▽
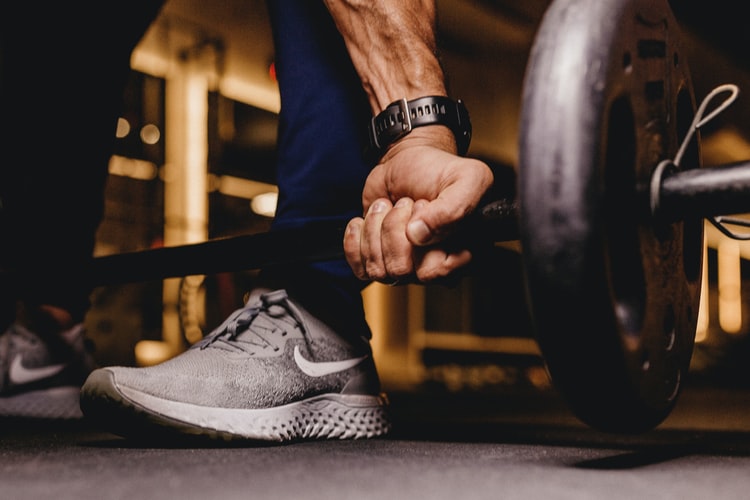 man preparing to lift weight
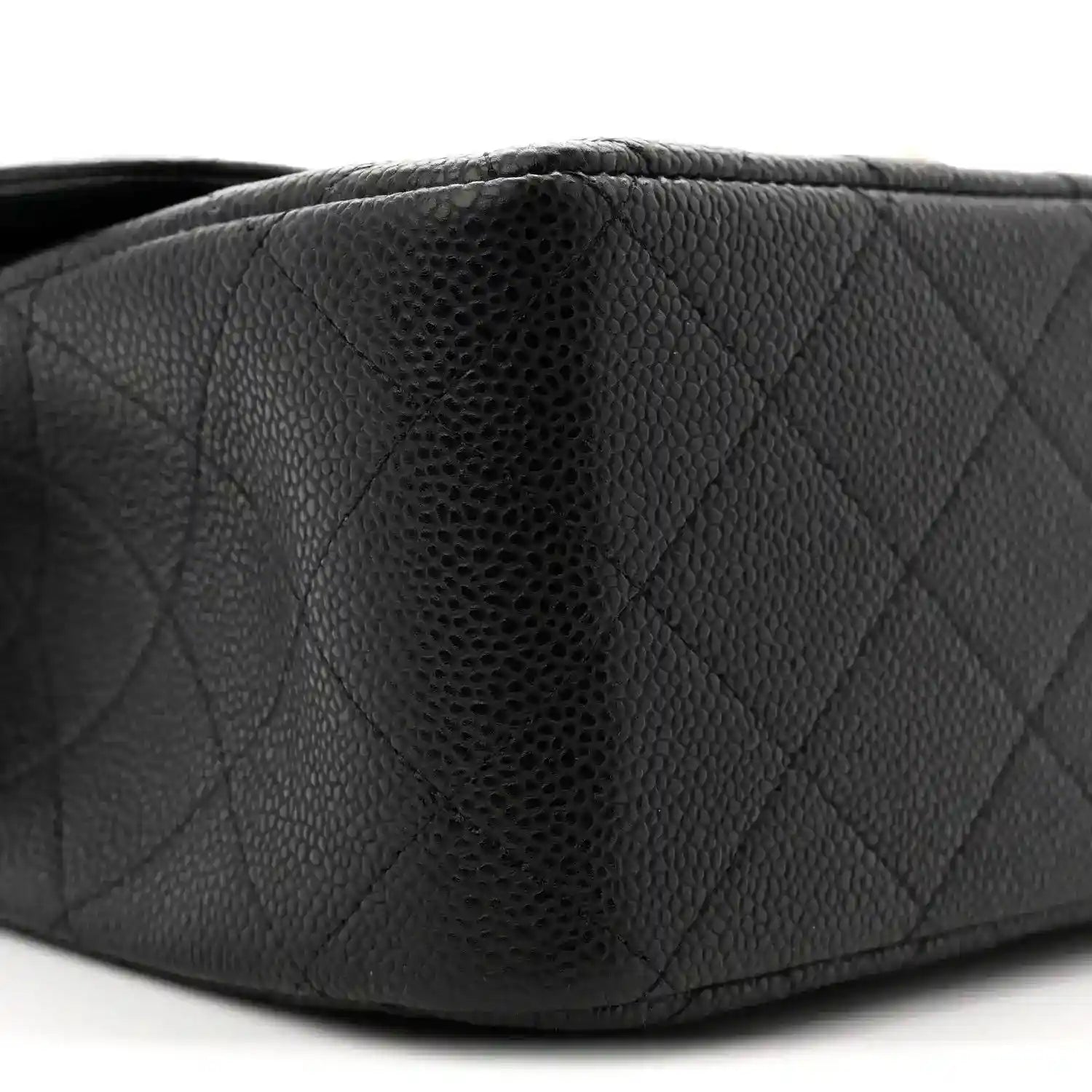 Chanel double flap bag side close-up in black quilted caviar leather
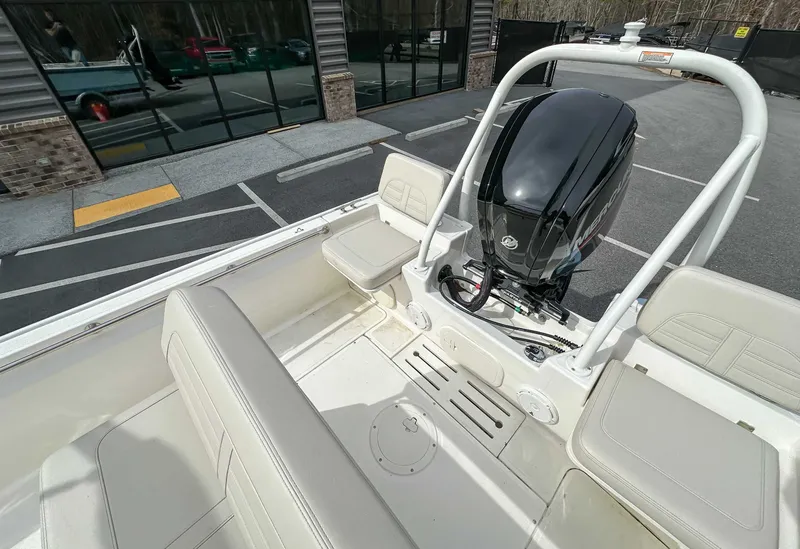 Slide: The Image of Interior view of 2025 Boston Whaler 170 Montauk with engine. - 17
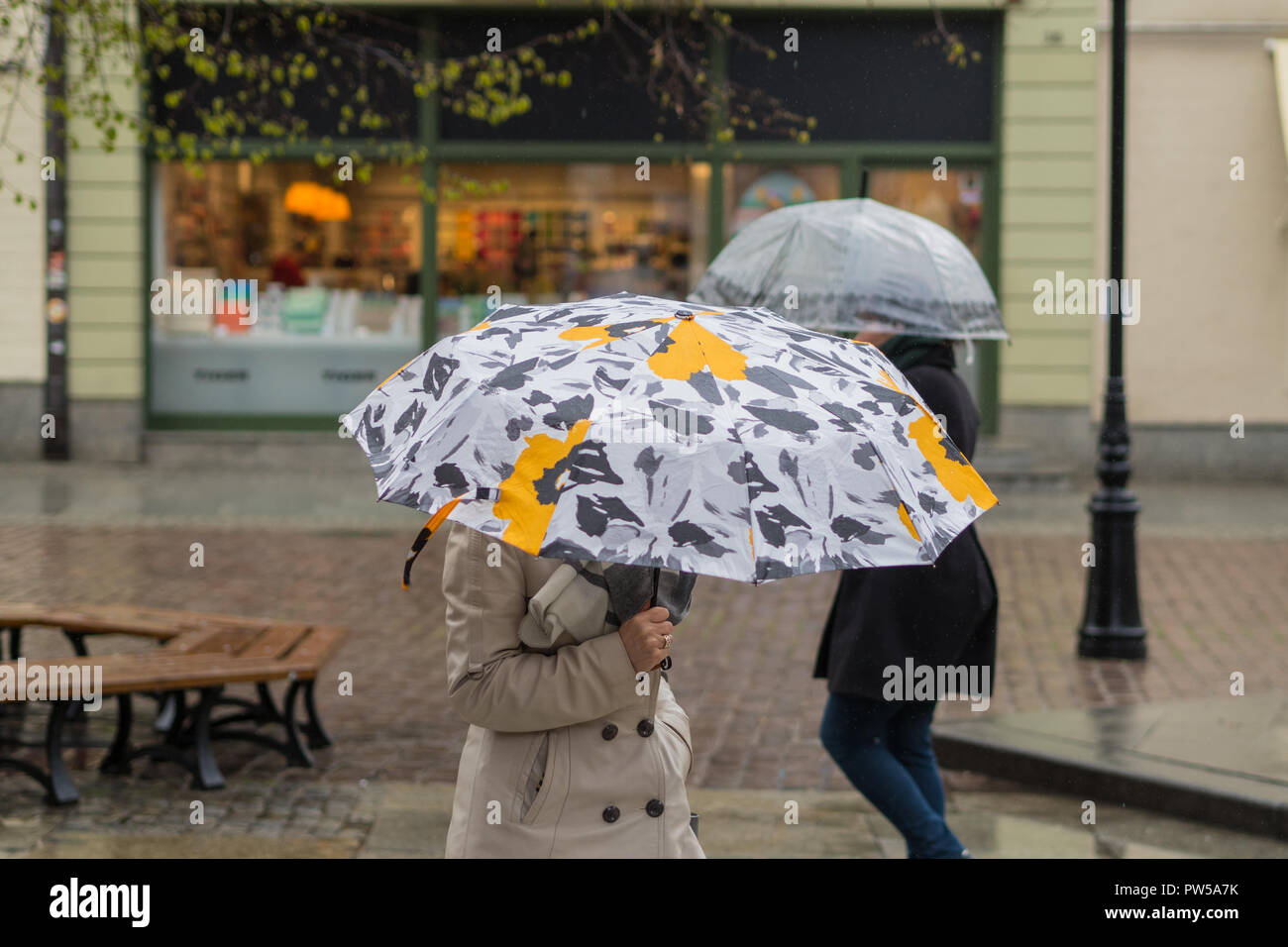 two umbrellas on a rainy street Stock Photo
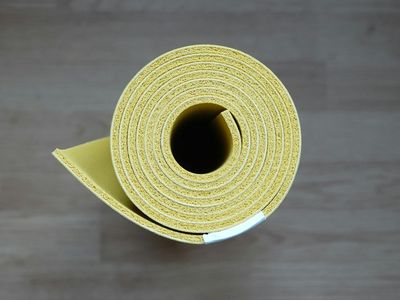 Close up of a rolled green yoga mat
△
→ What you will do
Output every entry exactly. Pictures stay out.

→ Exercise solution
 man preparing to lift weight
 Chanel double flap bag side close-up in black quilted caviar leather
 Slide: The Image of Interior view of 2025 Boston Whaler 170 Montauk with engine. - 17
 two umbrellas on a rainy street Stock Photo
 Close up of a rolled green yoga mat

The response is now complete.